Un Etat corrompu bientôt à la tête de l'UE
Der Standard invite l'UE à regarder de très près ce qui se déroule à Bucarest :
«Ce qu'il y a à voir : un conseiller gouvernemental exerçant les responsabilités d'un secrétaire d'Etat qui écrit sur Facebook que les manifestants 'auraient dû être abattus plutôt que d'être arrosés (avec des canons à eau)' ; un député déclarant que les manifestants feraient bien de 'cesser leurs provocations, sinon nous viendrons avec un million de partisans pour vous écraser' ; un chef de parti au gouvernement déjà condamné pour fraude électorale ; un président sollicitant auprès du procureur général une enquête sur les violences policières commises à l'encontre des manifestants et qualifié par ledit chef de parti de 'sponsor des débordements extrémistes' ; et un pays qui prendra en janvier la succession de l'Autriche à la présidence tournante de l'UE.»

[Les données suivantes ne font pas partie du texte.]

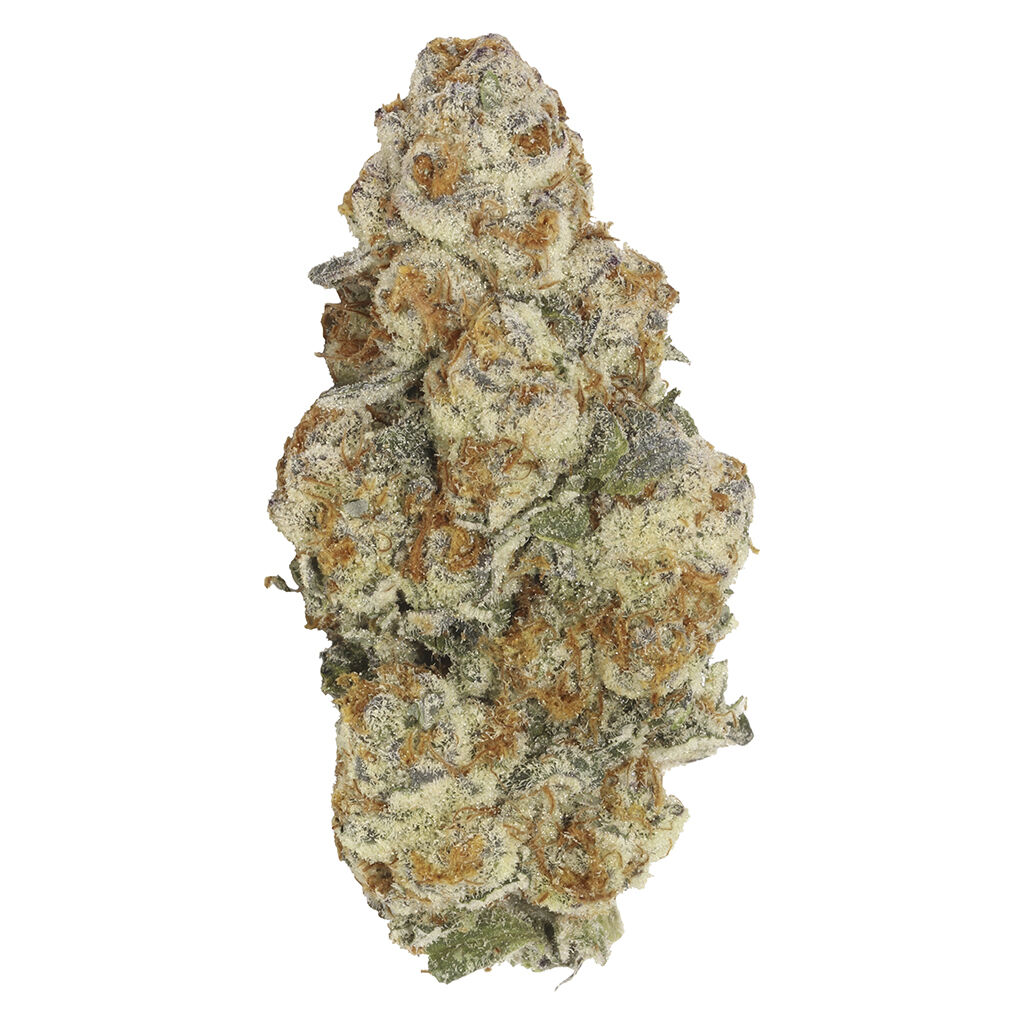 Astronaut Status (Zero Gravity x Mai Tai #4)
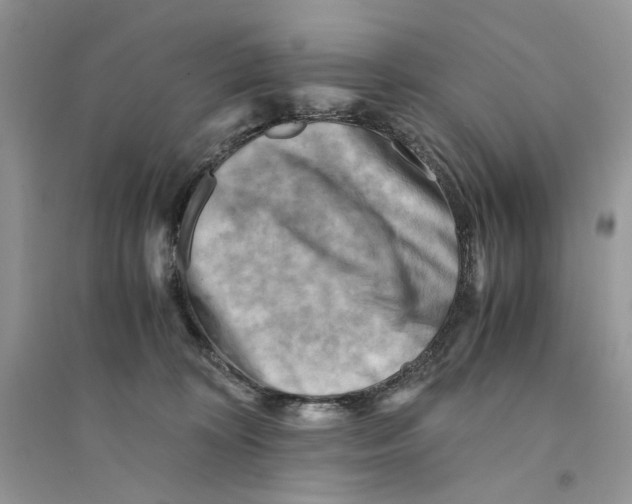 X0000094450324200711291705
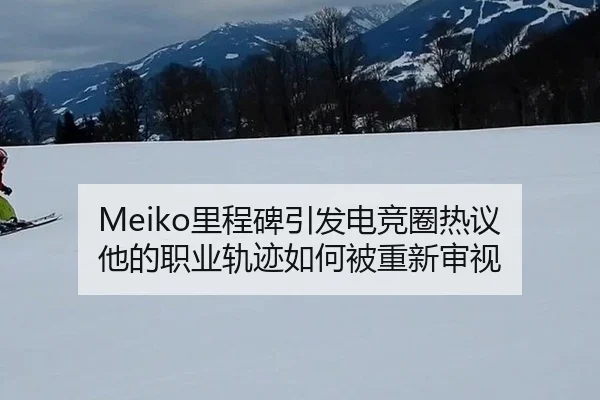 Meiko里程碑引发电竞圈热议 他的职业轨迹如何被重新审视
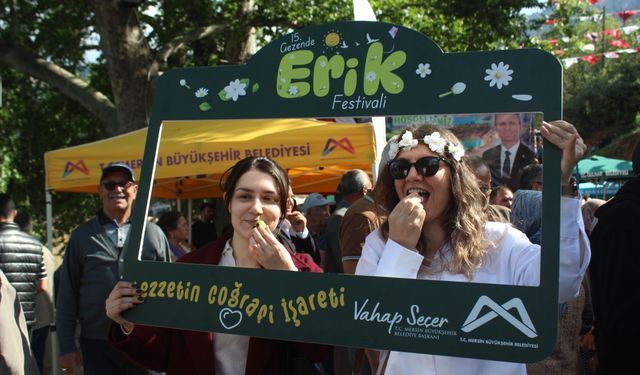 Gülnar'da 15. Erik ve Kültür Festivali yapıldı
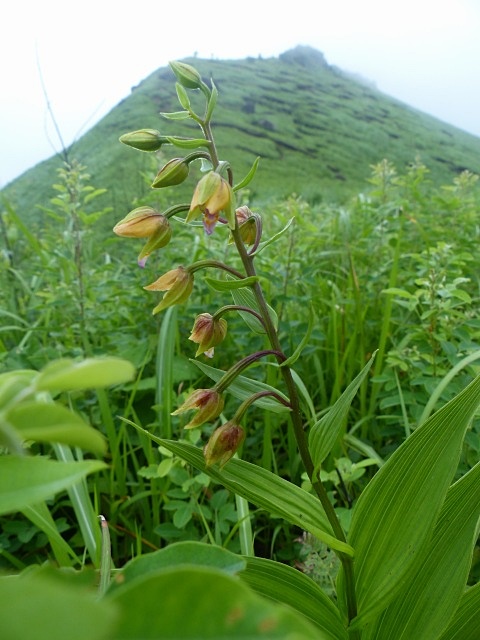 f0357487_11254494.jpg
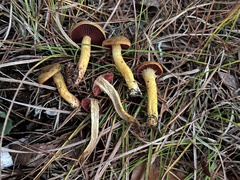 Cortinarius tinctorum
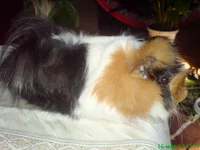 DSC03191.webp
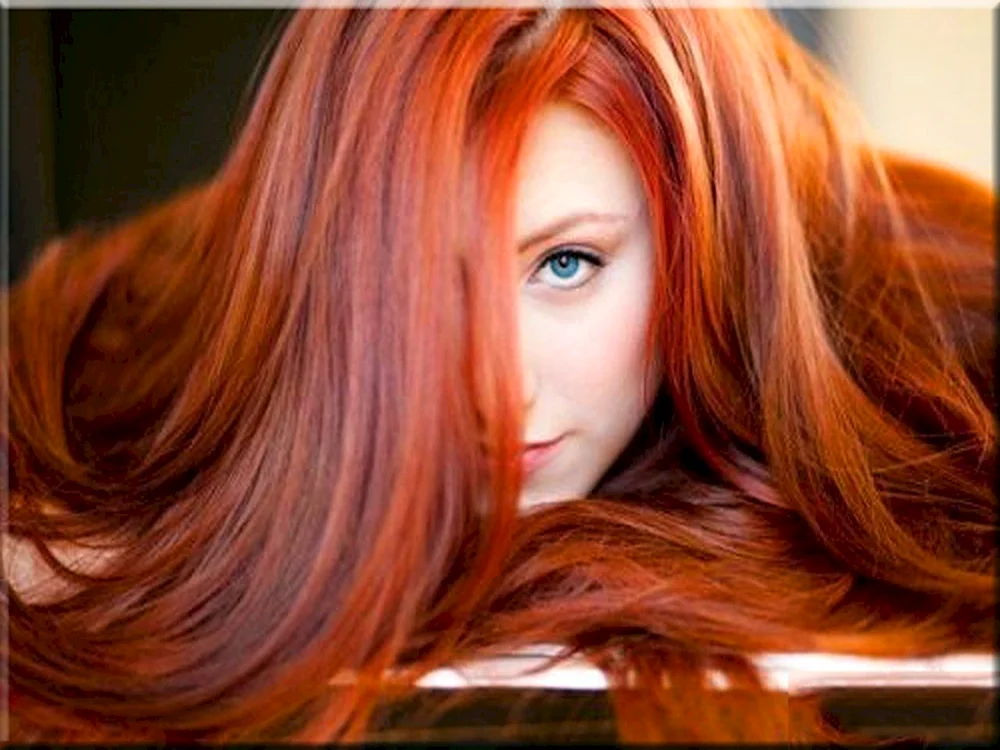 Roter Bob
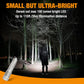 EverBrite Mini LED Keychain Flashlight, High Lumen EDC Pocket Light - Camping, Hiking, Emergency (Battery Include)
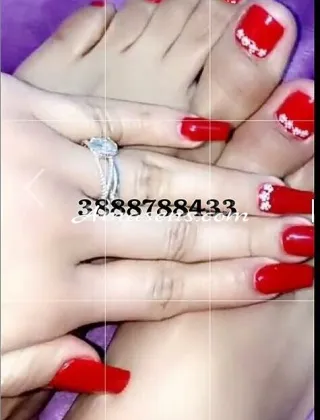 34 - Leyla Trans Venezia - 3888788433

La diaspora bulgare aussi en a marre
Le fait que de nombreux Roumains vivant à l'étranger manifestent contre leur gouvernement est un phénomène nouveau, qui pourrait faire des émules en Bulgarie, pense Club Z :
«Les Roumains de l'étranger envoient chaque année trois milliards d'euros à leur famille restée au pays. Cela vous rappelle quelque chose ? Ils manifestent contre les attaques dont ils font l'objet de la part des politiques au pouvoir dans leur pays d'origine. Ça ne vous dit rien ? Les Roumains de l'étranger qui manifestent actuellement sont qualifiés de 'diaspora en haillons', qui serait payée par Soros pour déstabiliser le pays. Comme un air de déjà-vu ? … Nos dirigeants devraient être contents que la vague de protestation n'ait pas encore franchi le Danube.»